Most of the content on the Web is in the form of natural language text, such as news articles, blogs, tweets, and queries to search engines. In order to improve the ability of computers to perform tasks related to these texts, including translation, summarization, recommendation, and search, researchers develop algorithms, models, and tools executed automatically by computers for Natural Language Processing (NLP). Yet, current state-of-the-art NLP models are still not fit to process the variety of text styles that appear across the Web. In an effort to expand the utility of NLP tools for Web content, in this blog post we discuss novel modeling of syntactic parsing for Web queries.

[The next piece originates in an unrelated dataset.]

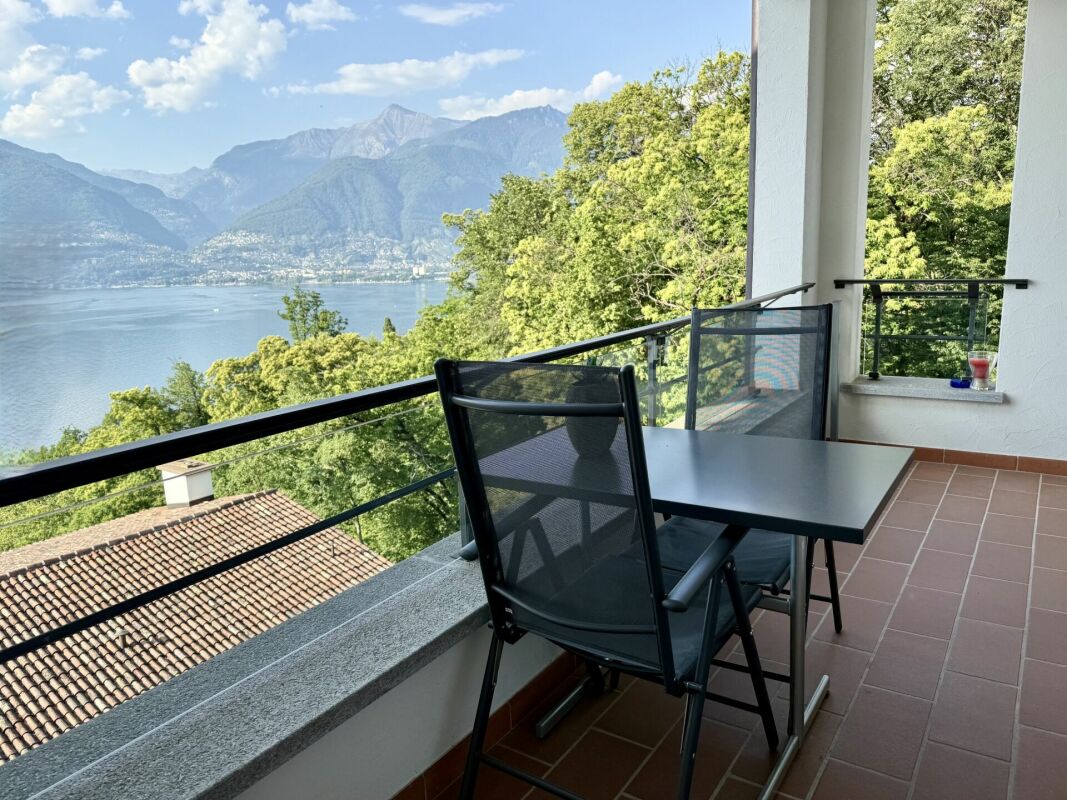 Balkon mit Seeblick und Bergpanorama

One important building block of automatic text processing for NLP is syntactic parsers: automatic systems for discovering the syntactic connections between words in texts. An example of the output of syntactic parsing is shown above for the sentence “the cat ate food:” cat is the subject of the verb ate, food is the direct object , and the serves as a determiner for the word cat . These relations form the syntactic parse tree for the given sentence. Syntactic parsers are usually trained to handle grammatical English sentences, such as those written in editorially-supervised news articles. Therefore, the performance of off-the-shelf syntactic parsers drops when applied to texts that are not “well written.” Yet, most of the texts encountered on the Web are generated not by professional authors, but rather by ordinary users. A very common type of these texts is Web search queries issued to search engines. In theory, syntactic parsers can be applied to Web search queries to aid in determining the best search results based on the relationship between words in the query. They can also find entities in the query, help a user reformulate a query, and more. However, search queries often do not follow the grammatical conventions of standard English, and many resemble keyword-keyphrase bundles, e.g. “weather chicago,” “best hotel where to find new york,” and “why is the sky blue yahoo answers.”
When faced with the challenge of parsing a given Web query, two problems need to be addressed:
- What is the correct parse structure for this query?

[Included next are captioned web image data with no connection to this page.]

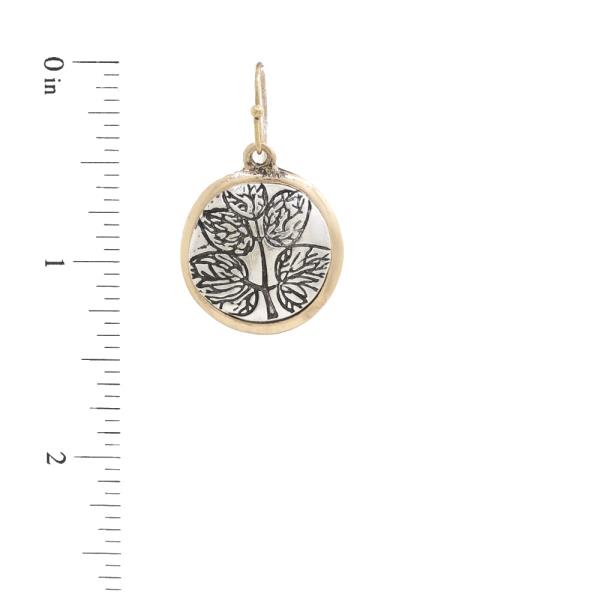 TWO TONE ROUND LEAF PATTERN DANGLE EARRING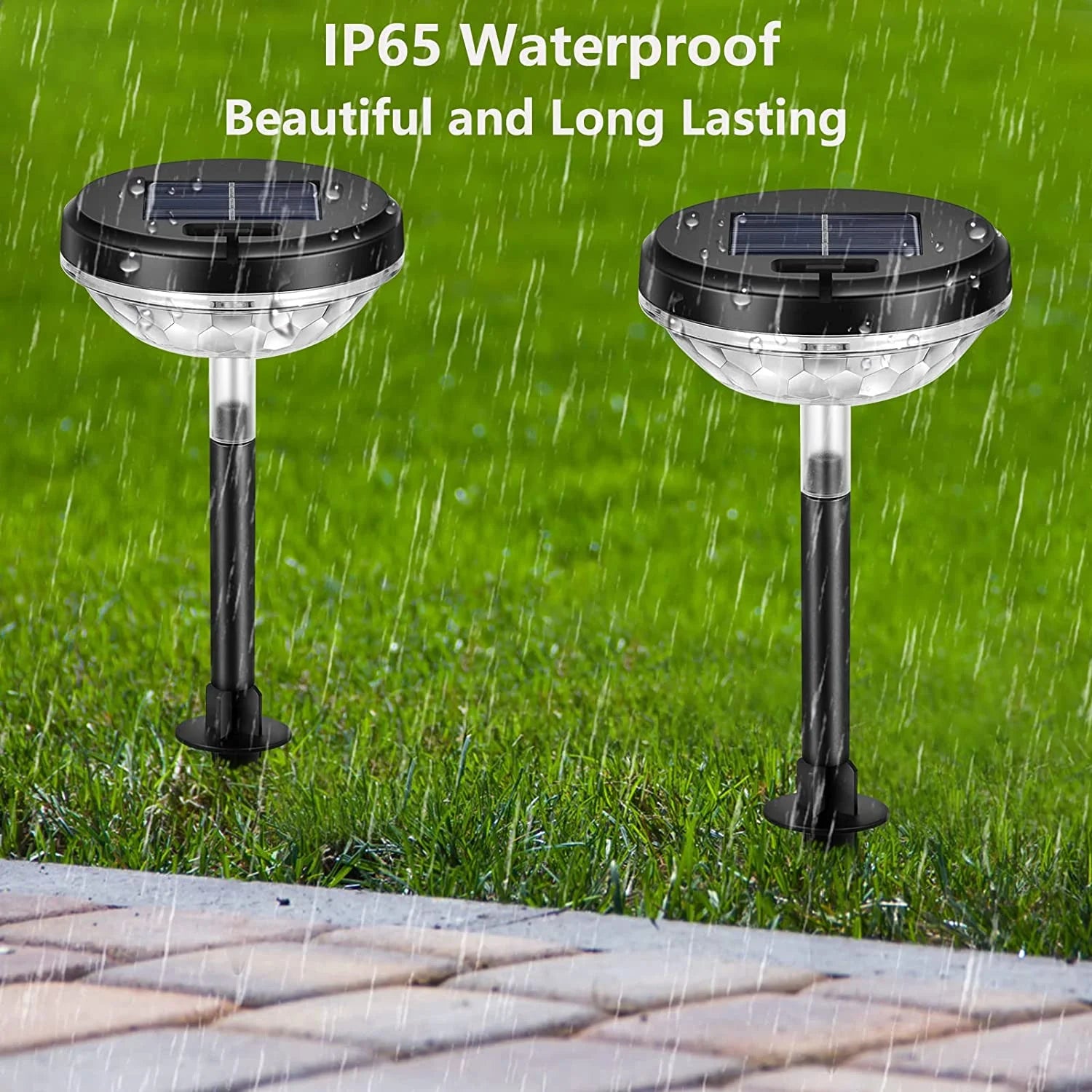6-Pack Outdoor Solar Pathway Lights - Dual Mode Waterproof LED for Walkway, Yard, Garden, and Patio in White & Multi-Color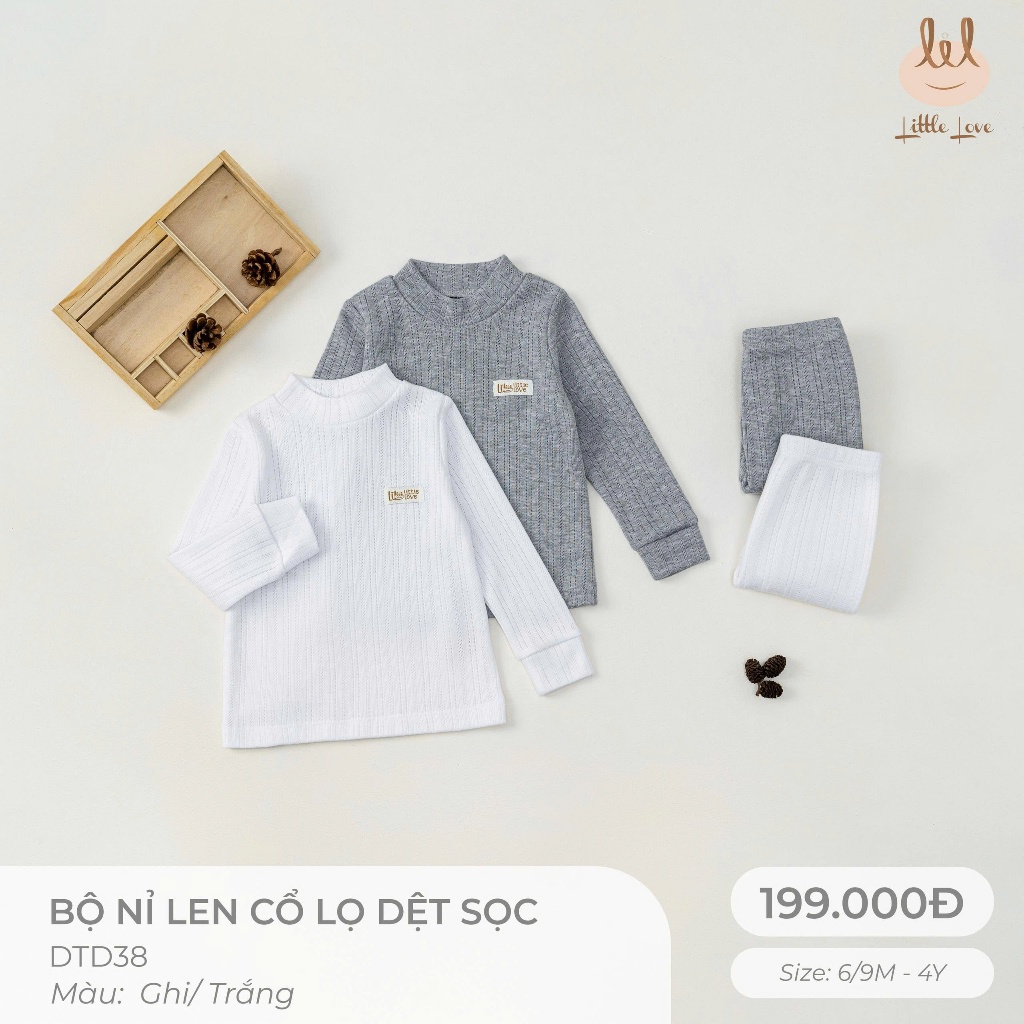 LIL LITTLE LOVE ชุดผ้าสักหลาดคอเต่าลายทางสําหรับเด็ก (DTD38)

- How can an automatic parser learn to output this structure?
In a research paper published in the proceedings of this week’s 15th Annual Conference of the North American Chapter of the Association for Computational Linguistics : Human Language Technologies (NAACL-HLT), we propose solutions for both these problems. First, in answer to problem (1), we define a grammar structure that suits these keyphrase-bundles based on the notion of a syntactic segment : a word sequence that can be represented using a single parse tree, but is not syntactically connected to the other parts of the query. In our proposed grammar structure, each query is split into syntactic segments, and each segment is represented by a (fully connected) parse tree. An example:
In addition to defining this grammar structure, we also released a 5,000- query treebank : a dataset which we mined from Web queries landing on Yahoo Answers and manually tagged for segmentation and parsing for the benefit of the research community (via the Yahoo Webscope program).
After running a number of state-of-the-art parsers on this data, we verified that systems trained for grammatical English perform poorly. For example, in the query “invent toy school project,” which corresponds to the need “invent a toy for a school project,” an out-of-the-box parser thinks the word “toy” modifies the word “project”, where in fact it does not – they are parts of different segments!
Next, we turn to problem (2), of how to train a new system that can handle our segmentation-enriched grammar structure. We propose three approaches that we implemented and compared in our paper. First, we designed a two-step procedure of learning the segmentation of a query and later applying an off-the-shelf parser to each segment found in the first phase. For segmentation, a standard approach is to use supervised learning , where a CRF system for detecting segments is trained on the queries in our treebank.
We next proposed two methods based on the concept of distant supervision , where the training examples are not manually-tagged queries, but automatically derived. The advantage of using distant supervision over supervised learning is that no need for long, arduous, and sometimes error-prone, human labor is required for training a machine learning algorithm. Specifically, we utilized millions of queries for which the searchers clicked on pages in Yahoo Answers. The question in the clicked Yahoo Answers page, which is typically a well-formed sentence, expresses the same request as the corresponding query, and often contains many of its words. We call a pair consisting of a query and a corresponding clicked question, an aligned pair .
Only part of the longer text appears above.